I lieviti adatti a produrre questo stile sono tutti in forma liquida e sono:

– Lieviti studiati appositamente per questo stile:

The yeast Bay (Vermont Ale) (Birramia), GigaYeast GY054 (Vermont IPA) (Brewuk.co.uk).

Wyeast 1318 (London Ale III) invece è, tra quelli “comuni”, quello più adatto (utilizzatissimo e spesso consigliato).

– Lieviti adattabili allo stile:

Wyeast 1028 (London Ale), Wyeast 1335 (British Ale II), White Labs WLP013 (London Ale), White Labs WLP022 (Essex Ale).

ACQUA:

Un’altro punto nel quale le New England si differenziano dalle classiche West Coast è la composizione dell’acqua.

– Bicarbonati inferiori a 50ppm, rapporto solfati/cloruri vicino a 1:1 (o comunque far prevalere di poco i cloruri per dare rotondità e cremosità, OK anche rapporto 0,8:1), con valore di entrambi inferiore alle 200ppm.

LUPPOLI:

– Amaro attorno alle 50/70 IBU, dato possibilmente da luppoli americani specifici per questo scopo (in modo da limitarne la quantità, perchè troppo luppolo messo a bollire per 60 minuti, spesso da luogo ad astringenza. Un consiglio è di tenere l’amaro dato dai luppoli a 60 ad un rapporto BU:GU di 1:3 (esempio, per una birra da 1.066 di OG, IBU attorno ai 22) e poi arrivare all’IBU target coi luppoli da aroma). Usare in amaro luppoli come Magnum, Warrior o Bravo, tutti con alto AA%.

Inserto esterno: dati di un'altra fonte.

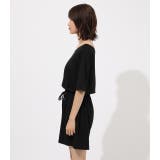 One shoulder cut all in one | AZUL BY MOUSSY | 詳細画像5 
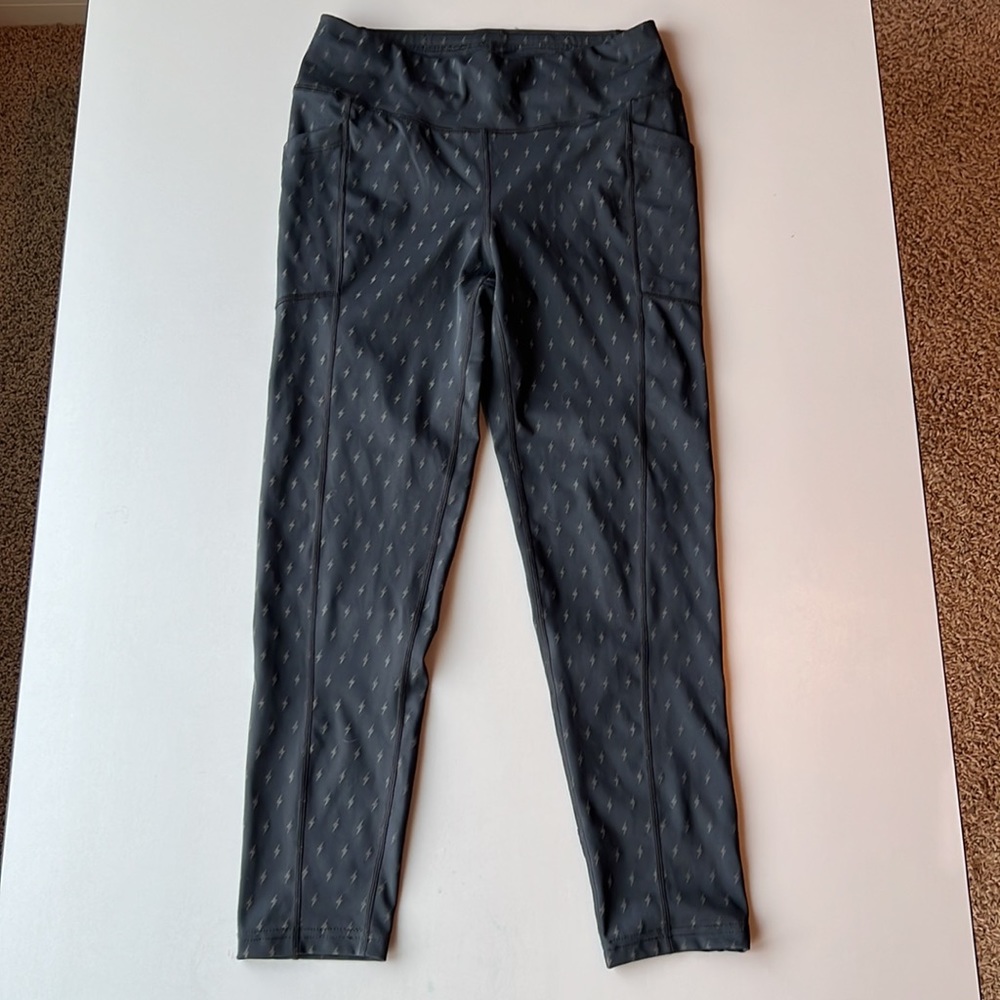 Oiselle Reflective Bolt Tights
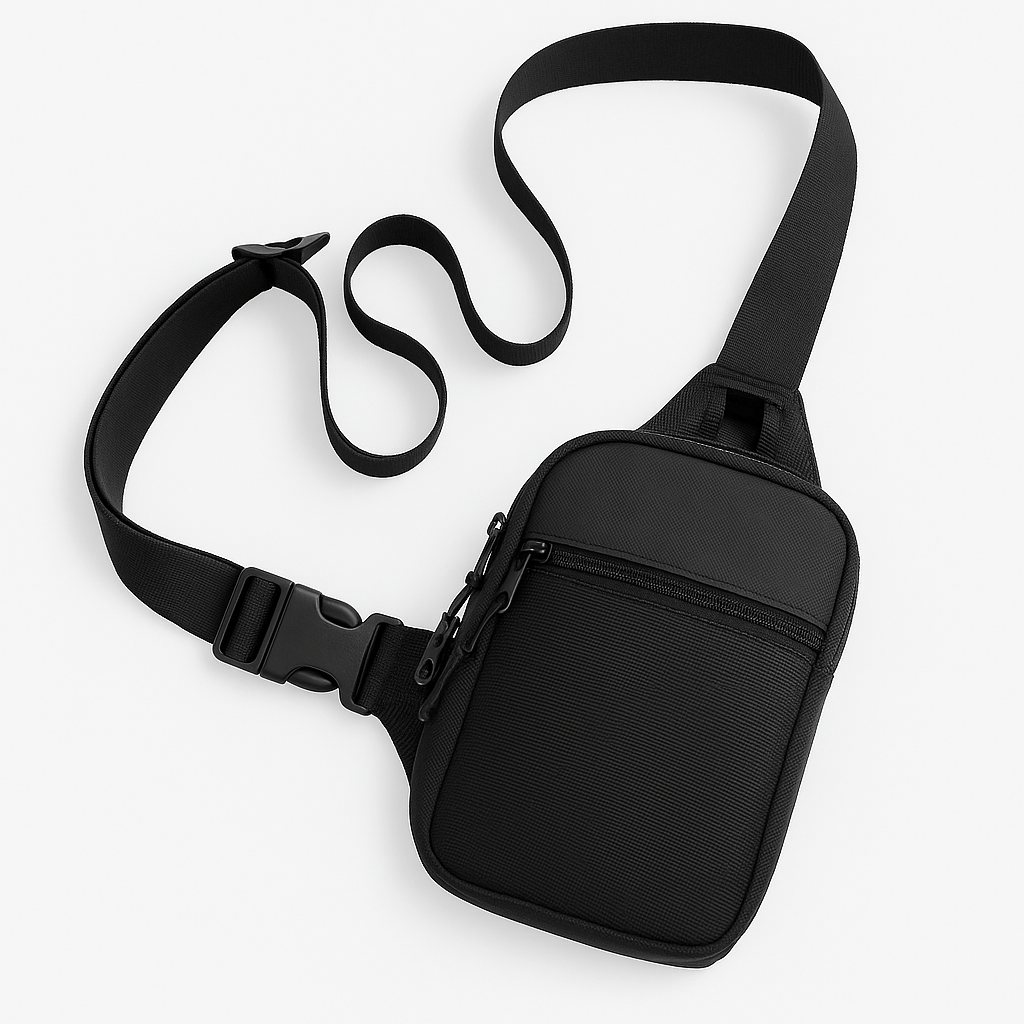 Skanto | SLIMVOY – Compact Travel Sling Bag for Easy Organization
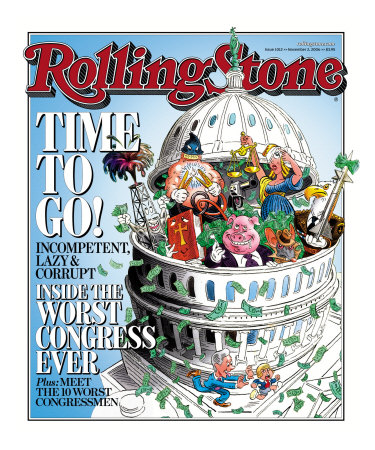 Worst Congress Ever, Rolling Stone no. 1012, November 2006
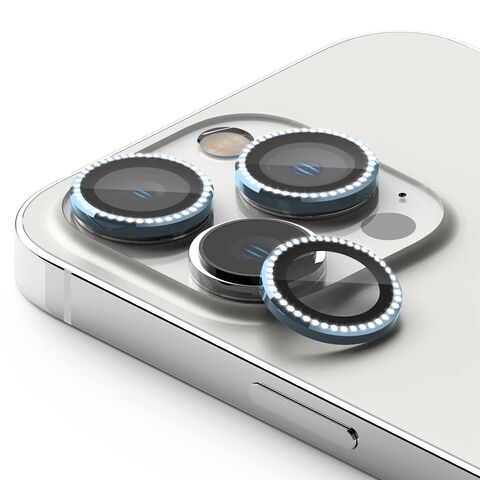 stita - kameru DIAMOND iPhone 15 Pro (6.1)/iPhone 15 Pro Max (6.7) plava (MS).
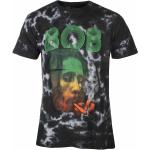miesten t-paita Bob Marley - Smoke Gradient - ROCK OFF - BMATS32MDD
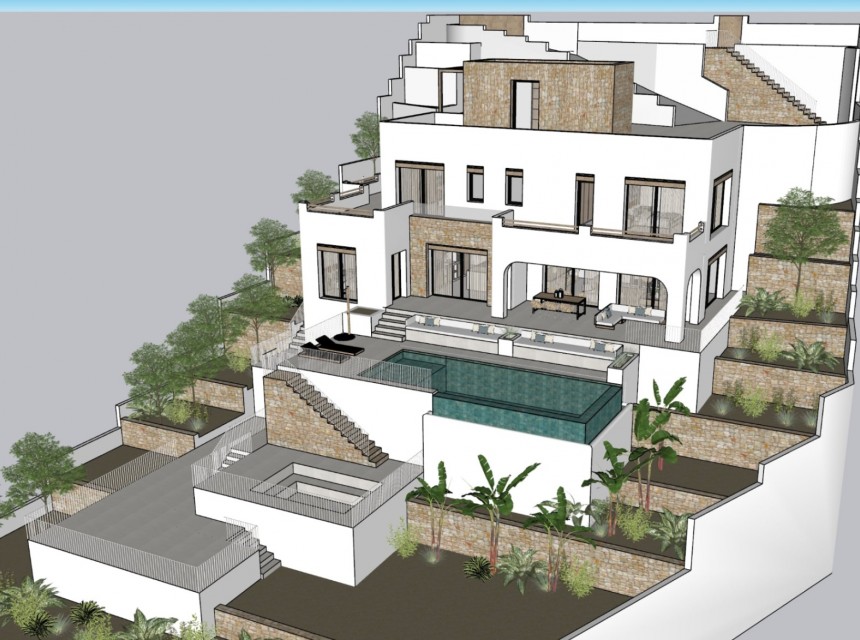 nieuwbouw - Villa -
Benissa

– Un’altra possibilità è non mettere luppoli da amaro, e lasciare l’apporto di AA% ai soli luppoli inseriti in aroma, da 20 minuti in giu’ o, se possibile, prevedere la luppolatura da amaro direttamente in Mash, utilizzando la tecnica del Mash-Hopping o del First-Worth Hopping.

– Ovviamente sono da considerare grandi aggiunte di luppolo da aroma negli ultimissimi minuti di bollitura e, molto importante, anche a 0 minuti (in caso lasciare dentro per 20+ minuti PRIMA di raffreddare con serpentina. E’ possibile anche prevedere piu’ di una gittata a 0 minuti, durante il raffreddamento, che deve essere più lento di quello che si fa per le normali birre).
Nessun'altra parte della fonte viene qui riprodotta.